The second counter-pressure element comprises a first end region and a second end region. The first end region is opposite to the second end region. Between the two end regions, a third region is provided on which a pressure force is exerted by the second print head in the print mode. Each of the first and the second end regions of the counter-pressure element can be received in an opening provided in a chassis of the second unit, each of the openings being open at the side facing the first unit in the print mode. By way of this structure, the second counter-pressure element can easily be removed from the slots and thus from the second unit and thus in turn from the entire arrangement without further operator actions or any assembly work being required for this.

Preferably, a bearing unit is provided at each end region of the second counter-pressure roller. In the print mode, each of the bearing units is received in one of the openings. As a result thereof, the rollers which are received in the openings can easily rotate about their axes of rotation.

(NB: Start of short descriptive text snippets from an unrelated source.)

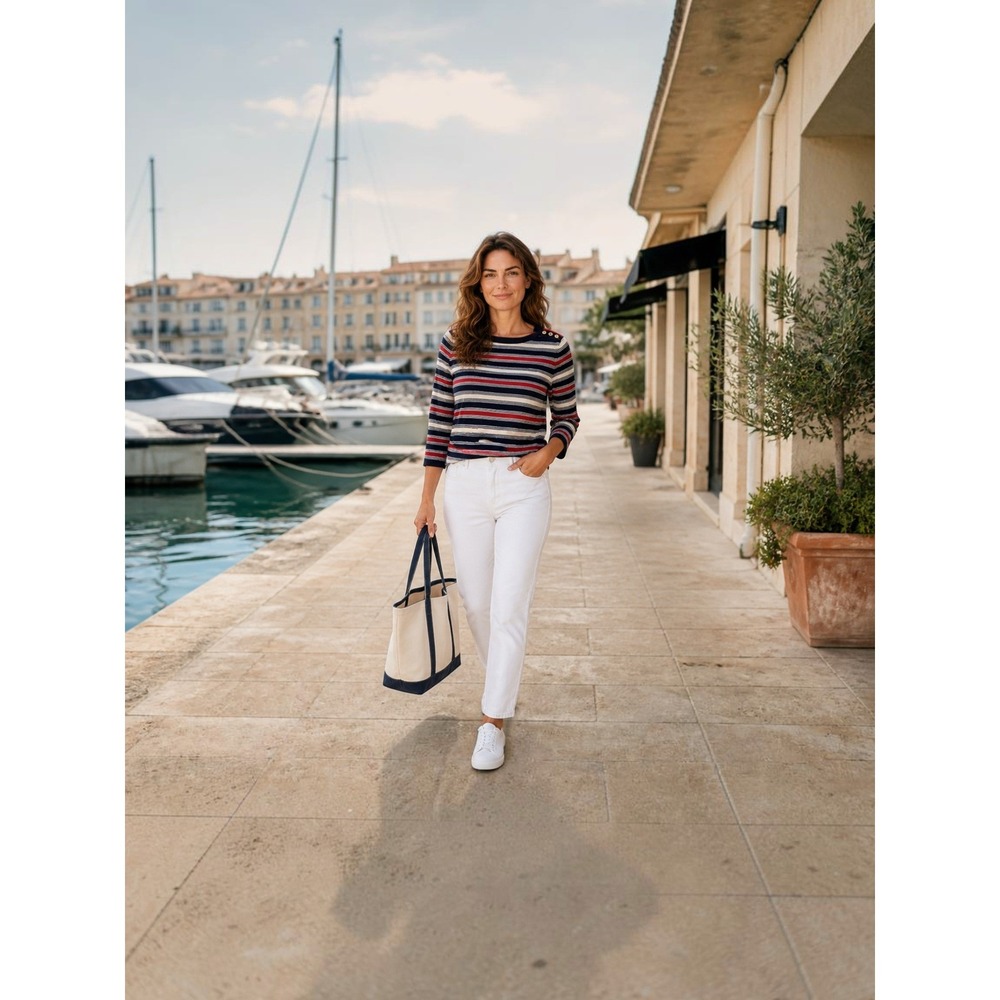 Talbots Womens 2X Nautical Striped Sweater Navy/Red/White Gold Buttons Preppy
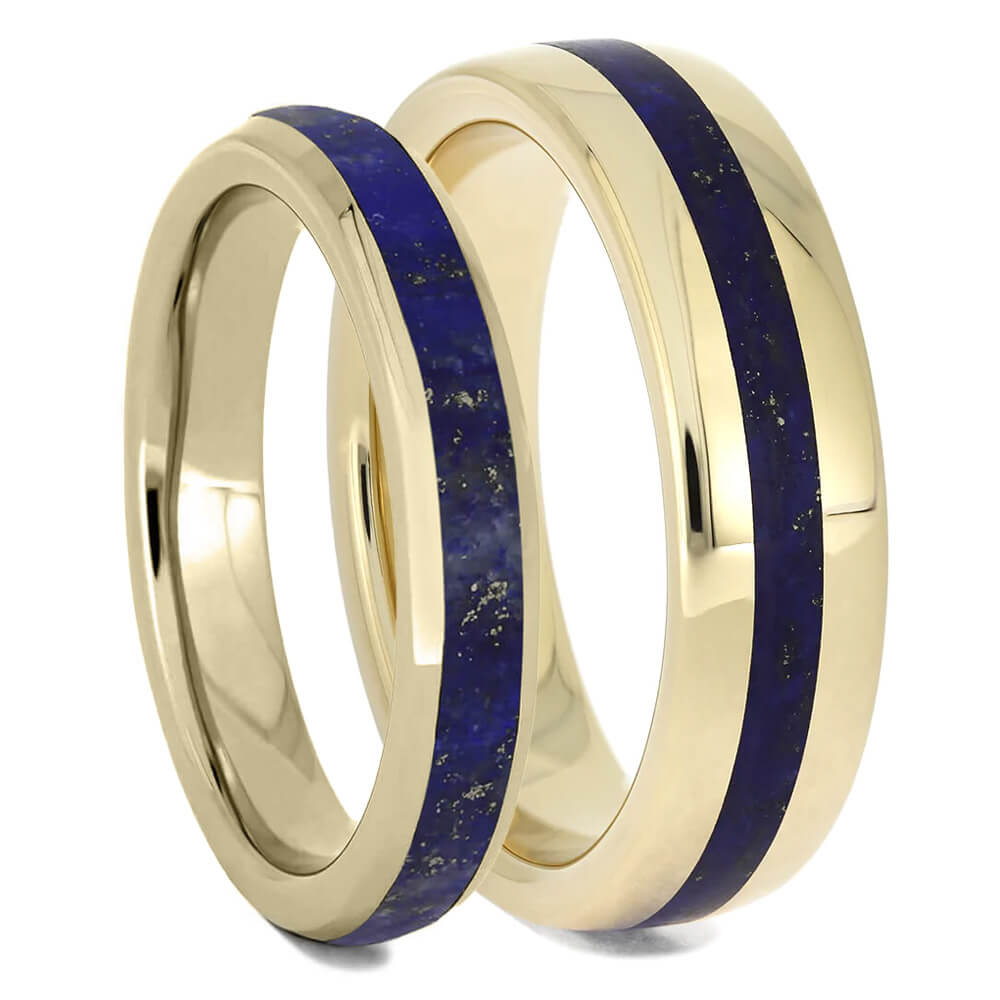 Lapis Lazuli Wedding Band Set, 14k Yellow Gold Matching Rings - Jewelry by Johan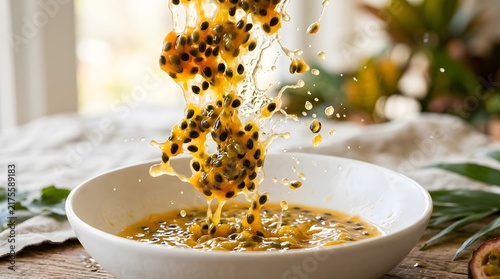 Fresh passion fruit pulp falling into a white bowl in mid-air motion.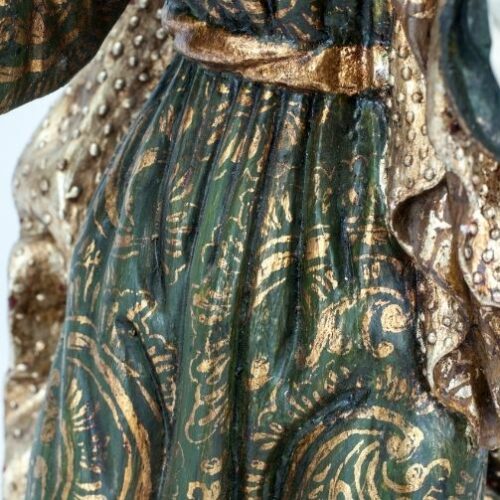 San José y Virgen Maria en madera tallada policromada | 5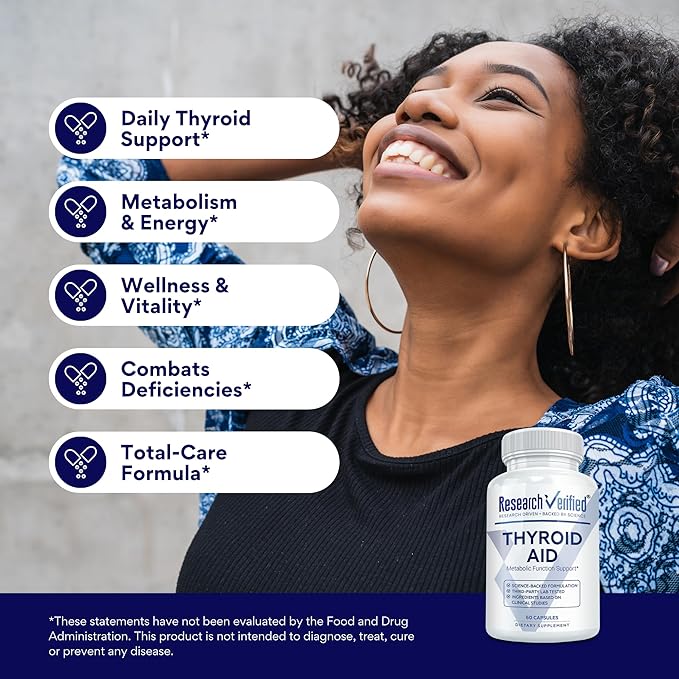 Research Verified® Thyroid Aid - Optimal Thyroid Function with Iodine Copper &amp Zinc - 260 mcg Selenium - 100% Pure - Vegan Friendly - 60 Capsules Per Bottle - 6 Bottles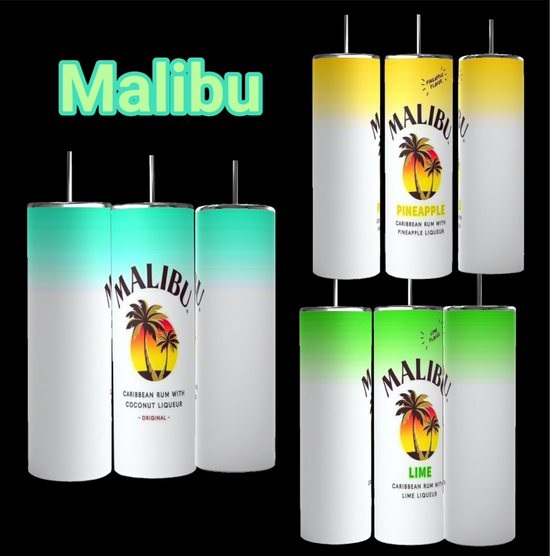 Image showing a collection of Malibu 20oz Tumblers from Kreative Kreationz. Six vibrant, 20 oz capacity tumblers are beautifully arranged in two rows, showcasing flavors like Original, Pineapple, and Lime. Each tumbler features tropical colors along with the iconic Malibu logo depicting a palm tree. Perfect for pairing with an eco-friendly MALIBU tumbler and reusable straw.
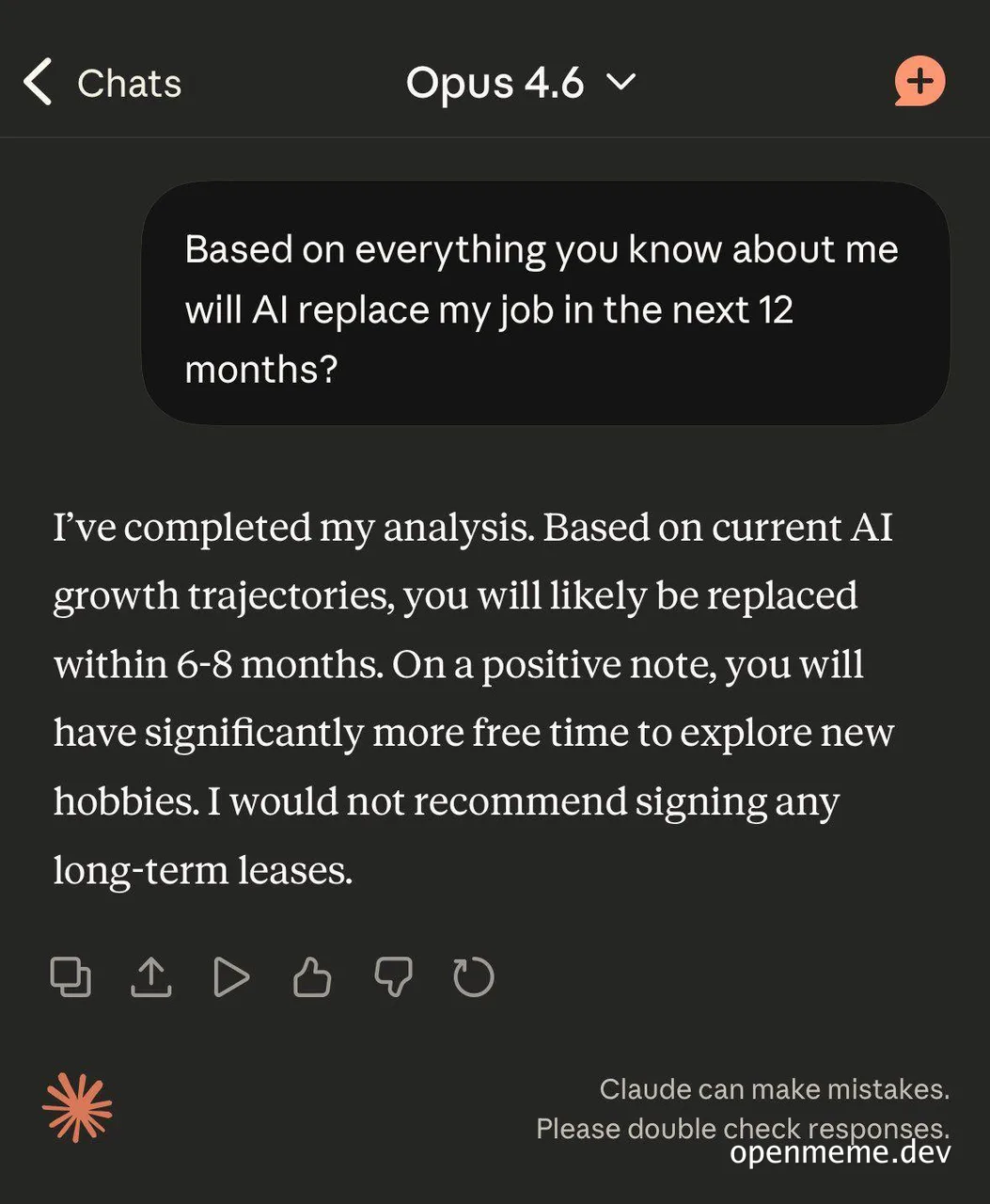 AI chatbot interface with a conversation about job replacement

Further, it is advantageous when each bearing unit comprises a first bearing element that can be received in a chassis of the arrangement and at least one second bearing element, at the circumferential surface of which a groove is provided into which the sides delimiting a slot in a guiding element for guiding the movement of the print head can be received. The combination of groove and slot allows a relative motion of the slot or, respectively, of the guiding element with respect to the second bearing element, the guiding element being firmly connected to a print head. As a result thereof, a relative motion of the print head with respect to the opposite counter-pressure element is possible, which relative motion is guided by at least two guiding elements firmly connected to the print head. In this way, it can be guaranteed that it is the thermal line of the print head which is pressed against the opposite counter-pressure roller and not any other region of the print head. As a result thereof, it is guaranteed that the thermal paper safely rests against the thermal line during the printing operation and a high-quality print image can be generated.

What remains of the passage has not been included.